--- Information provided Enclosed Below ---

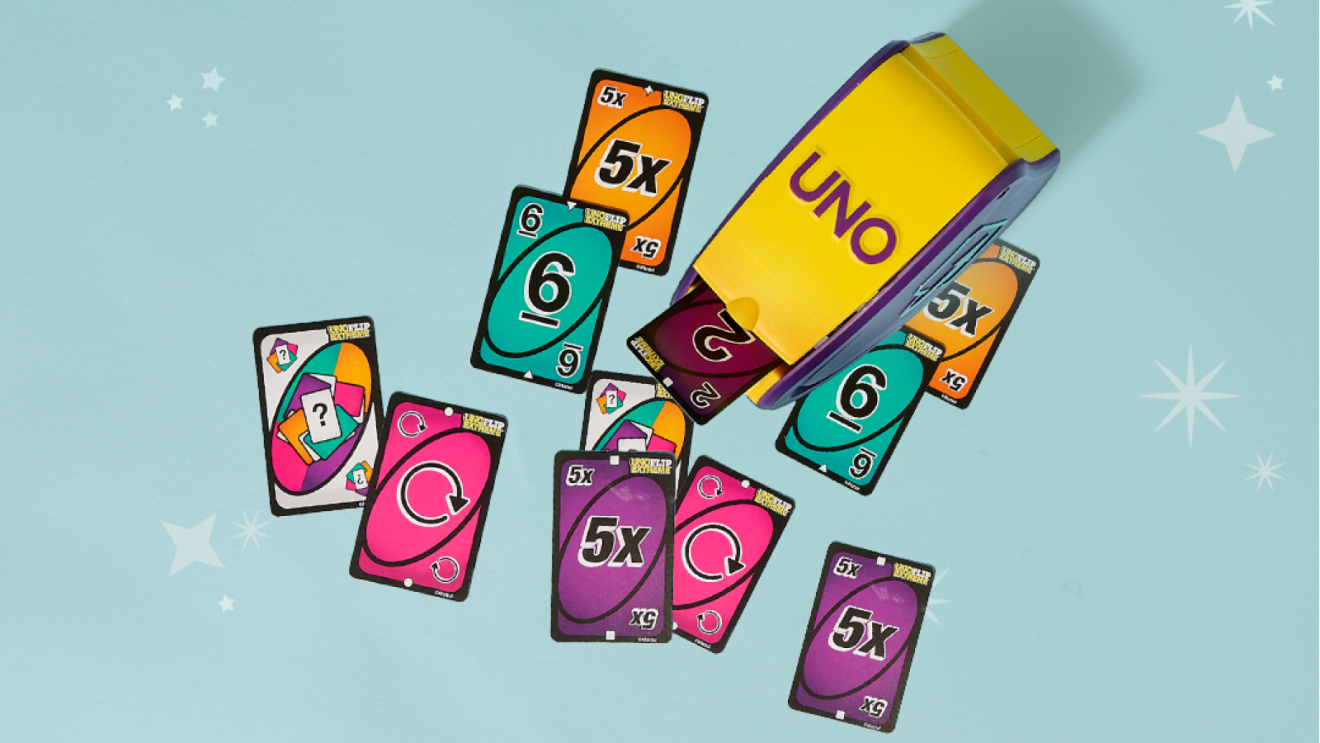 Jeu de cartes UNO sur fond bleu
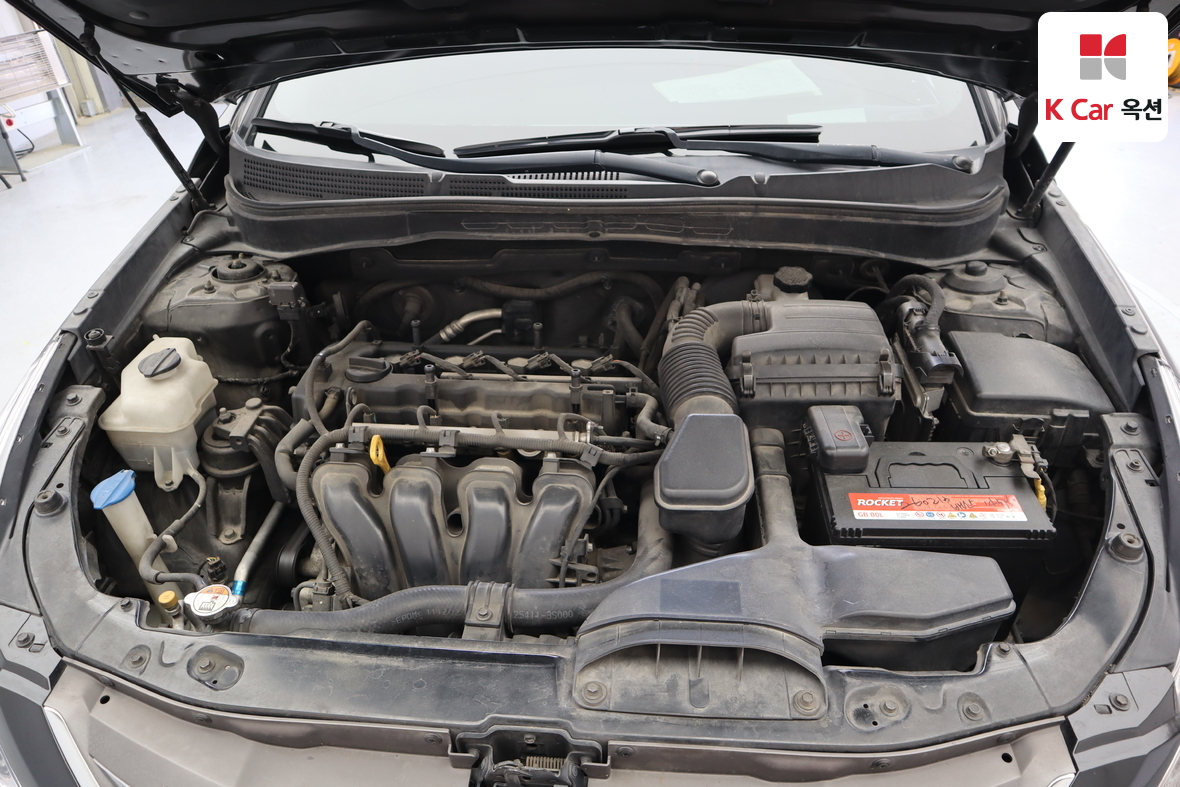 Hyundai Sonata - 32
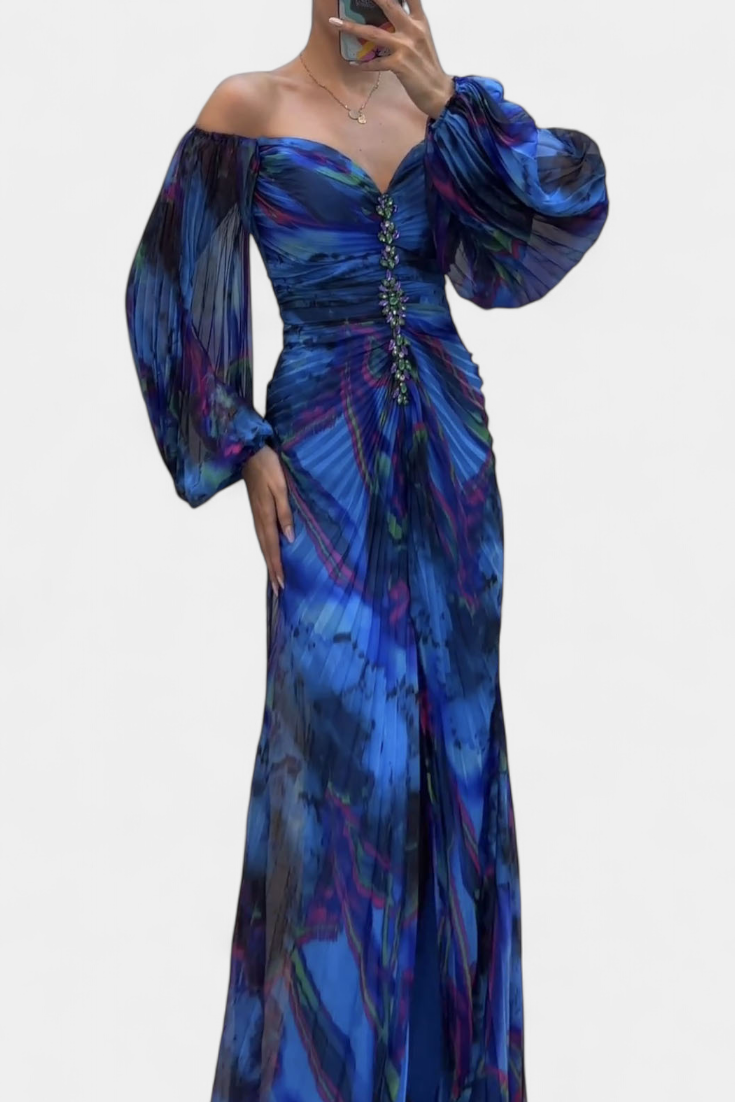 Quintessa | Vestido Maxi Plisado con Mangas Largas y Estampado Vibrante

--- End of Enclosed Information provided ---

The problem: An exact repetition of the listing is needed, with the pictures dropped.

Answer for this exercise:
 Jeu de cartes UNO sur fond bleu
 Hyundai Sonata - 32
 Quintessa | Vestido Maxi Plisado con Mangas Largas y Estampado Vibrante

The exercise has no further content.